For some historical reasons, our schema was badly partitioned using PRIMARY KEY((userID, domainID), col3, col4))
, which lead to SELECT queries getting huge timeouts with 16 node cluster(hosting hash based partitioned table1
). Need to regularly restart application.
So, refactoring PRIMARY KEY((userID, domainID), col3, col4))
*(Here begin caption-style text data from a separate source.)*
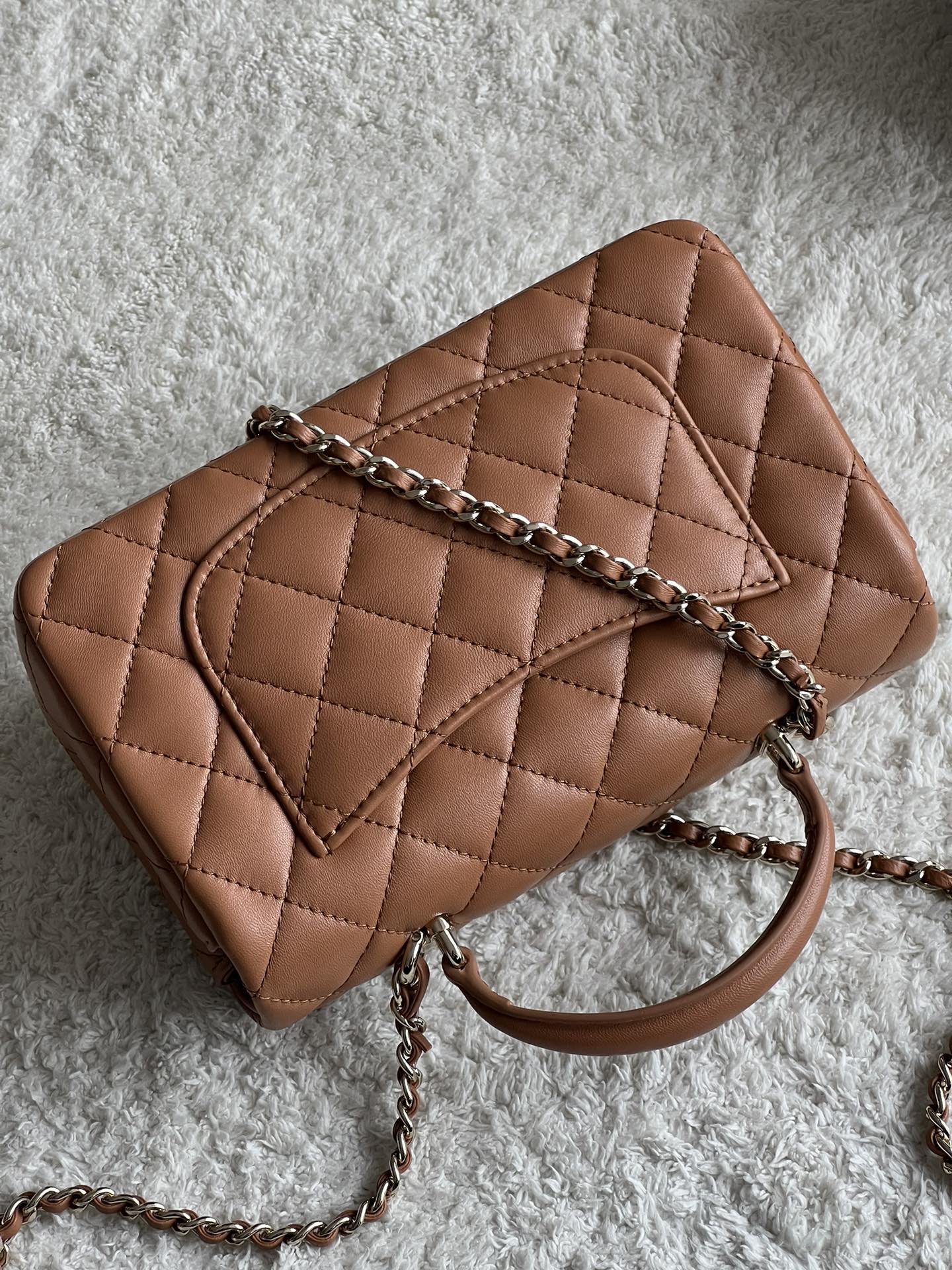 Ch@nel Flap Bag Mini CF handle -20*13*9cm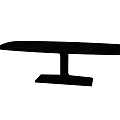 Modern Dining Table With Black Marble Top Natural Veins And Stylish Metal Base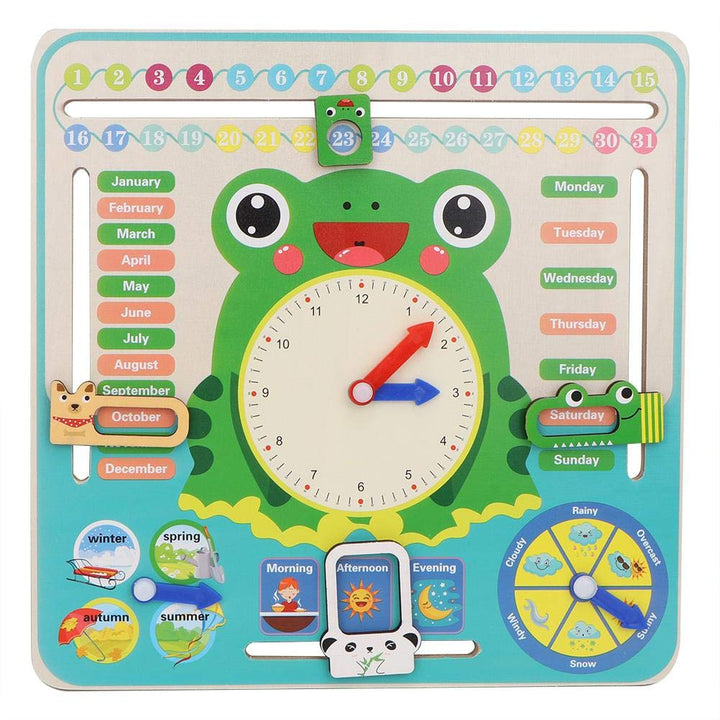 Kinder Holz Kalenderuhr Spielzeug All About Today Kalenderbrett Mein Erstes Uhr Kognitives Spielzeug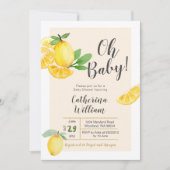 Oh Baby Lemon Baby shower Invitation (Devant)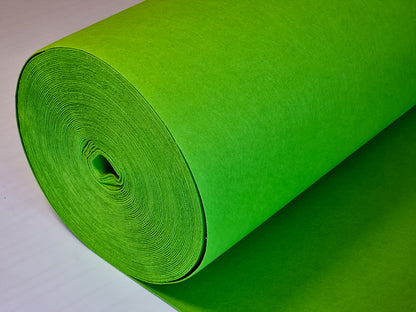 3 mm thick Bright Green Polyester Felt – 100 cm Width | By the Meter
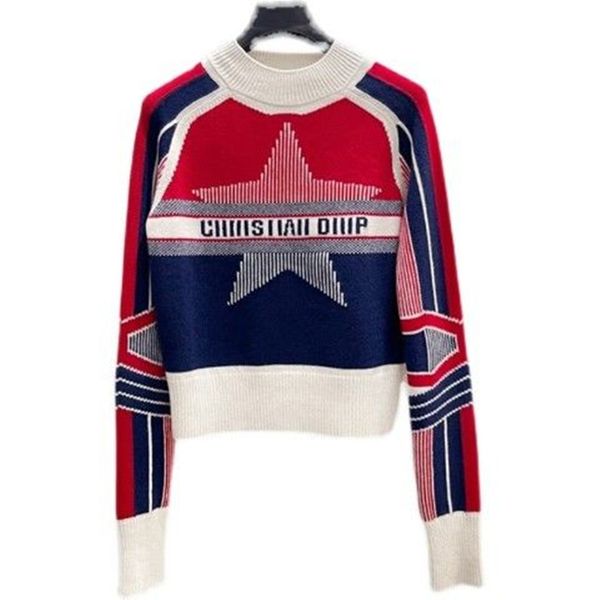 2021 women's sweaters casual knit contrast color long sleeve 5 style autumn fashion wear classic letter pattern, White;black
2021 women's sweaters casual knit contrast color long sleeve 5 style autumn fashion wear classic letter pattern, White;black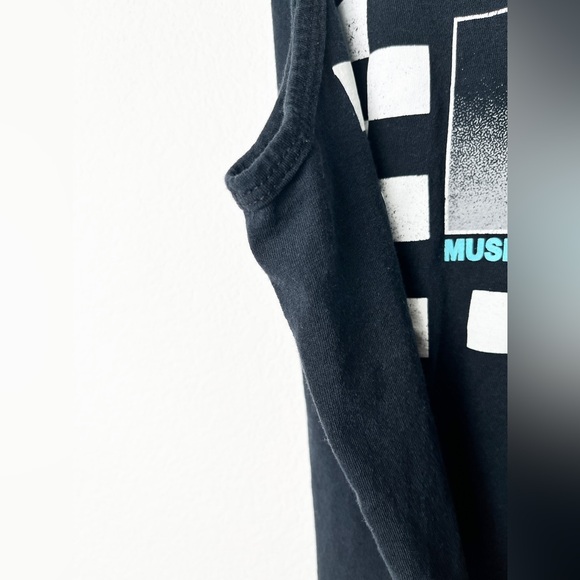 Men’s MTV Music Television Checker Logo Retro Sleeveless T-Shirt Size: Medium - Picture 4 of 8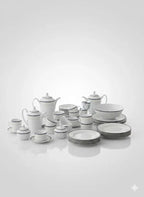 Service de table Guy Degrenne en porcelaine de Limoges complet et Jamais servi-{{shop name}}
to PRIMARY KEY((domainID), userID) WITH CLUSTERING ORDER BY (userID ASC);
. Table gets created with hash partitioning using key domainID
. Clustering key userID
would be ordered ascending.
Partition key domainID
would enhance performance of search domainID = :domain_id
and
clustering key userID
would enhance performance of search userID IN :user_id_set
-
Please let me know, if this refactoring make sense, to enhance WHERE clause performance in SELECT query
-
How do INSERT query(to add a new row) & UPDATE query(to update an existing row) perform on this refactoring?